A word of advice; if the owners of this country and their soldier minions don't want you to have something, you should probably want it. Socialized health care is a great example. Consider, if it's such a terrible thing for our supposed free market capitalist system, then why is it that everyone in congress, the judicial and executive branch has socialized healthcare - for life - but they refuse to give it to you?
In fact, the so-called public option had to be eliminated, because it was perceived to be the crack in the dam that could have led to - gasp - competition! UNFAIR competition, the insurance companies - and I'm sure the HMOs and pharmas behind them - cry, based upon the rationale that if a public option has goverment funding then it has an unfair advantage.
The biggest welfare mothers on Wall Street aside, let's talk about advantage then. Who has the advantage when it comes to millions spent in lobbying and campaign contributions which translates into their politics becoming policy as well as taking calls and office time? In other words, why is "advantage" only brought up in relation to when it potentially impacts their bottom line?
IF there were true free markets and real capitalism, we'd have any number of healthcare scenarios available in front of us. For instance, if the privatized healthcare industry is so confident about what they deliver, then let's stop all the talking and pontificating about pros and cons, of which there seems to be an endless supply of mouths on either side. Instead of wasting energy and resources endlessly chasing our tails on this debate, let's follow scientific method and do some testing, some trials.
Take California, the biggest state in both economy and population. Let's try a test run of a hybrid system - private vs. socialized. Like any good marketing professional, such as Frank Luntz, put out the call for focus groups. In Cali, there must be several hundred thousand uninsured to pool from. This recruiting, screening and administering process alone would create jobs that could be drawn down from the stimulus - you hear me Arnold?
Between LA and Frisco alone, you would have tremendous marketing data from a large subject pool and could draw across many demos.
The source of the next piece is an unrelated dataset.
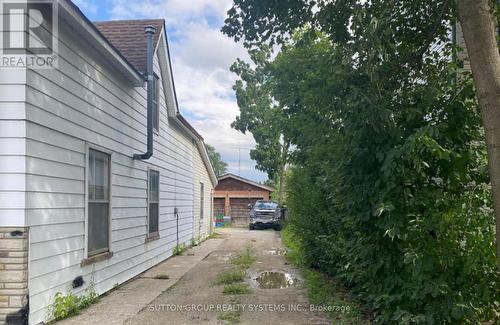 392 PEARL STREET  Milton, ON L9T 1M8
Even if a public option does not come out as a positive option, this marketing data on a very particular segment - the uninsured or near the brink - will be very valuable toward re-thinking other strategies. Why? For the simple fact that the onslaught of baby-boomers are soon going to be impacting the system like at no time in history, and many of them have fallen through the privatized healthcare cracks, or are teetering on the brink of disaster. Instead of going all in on a system that's past broken and a money pit - except for those who have a capital interest in it - we should be hedging our bets based upon RESEARCH, TESTING and DATA GATHERING, not endless chasing our tails through politicized debate and filibustering which only serves the status quo. In fact this latter point is one of the prime reasons why we have politicized debate and filibustering in the first place. Whether Democrat or Republican, if we look at the root word of "conservative" then we see what all of this intellectual clutter is for, or at least results in.
One important outcome; marketers are interested in what the market says, regardless of the "experts' opinions." Do you really think producers of any number of boy bands or teen girls who have been sexualized for music tv consumption really care about their anti-critics, so long as deals are made and profits roll in? The point is, once a focus group has finished testing, exit surveys, interviews and polling are culled, providing a basis for deciding whether or not a public option should be instituted at least on a hybrid basis.
One last go at the privatized healthcare industry constituents - again, insurers, HMOs and pharma - cry about unfair competition. If government is SOOOOOO incompetent as conservatives love to wail, then what are they afraid of? (and, more to the point, why do they continue to grow government???)
The post office is a perfect example of a government sponsored, socialized service. But the private sector in the form of UPS seems to have figured it out, DHL came online (and has left) and of course, FedEx took delivery and tweaked it to new heights - and profits. The po needless to say got hit hard. Libraries are another socialized service, but that hasn't stopped Borders and Barnes and Noble, let alone Amazon from competing. The issue is innovation and customer satisfaction. If the privatized industry is confident in their abilities insofar as those criteria, well then, let's run some trials. Let's give the public a voice outside of their bought off republic shills.
There's much more to be said, of course, than in this blog piece, but I think the germ is there for a platform to be thought out, a real plan that could at the very least yield us some very valuable data. For all of our mouthing off about free market capitalism in this country, we should at least allow a hybrid private/socialized system in a testing and research phase.
Last, think about the possibilities for hybrid systems in finance! Public banking....
The bottom line is: Let's get some data, then let's talk.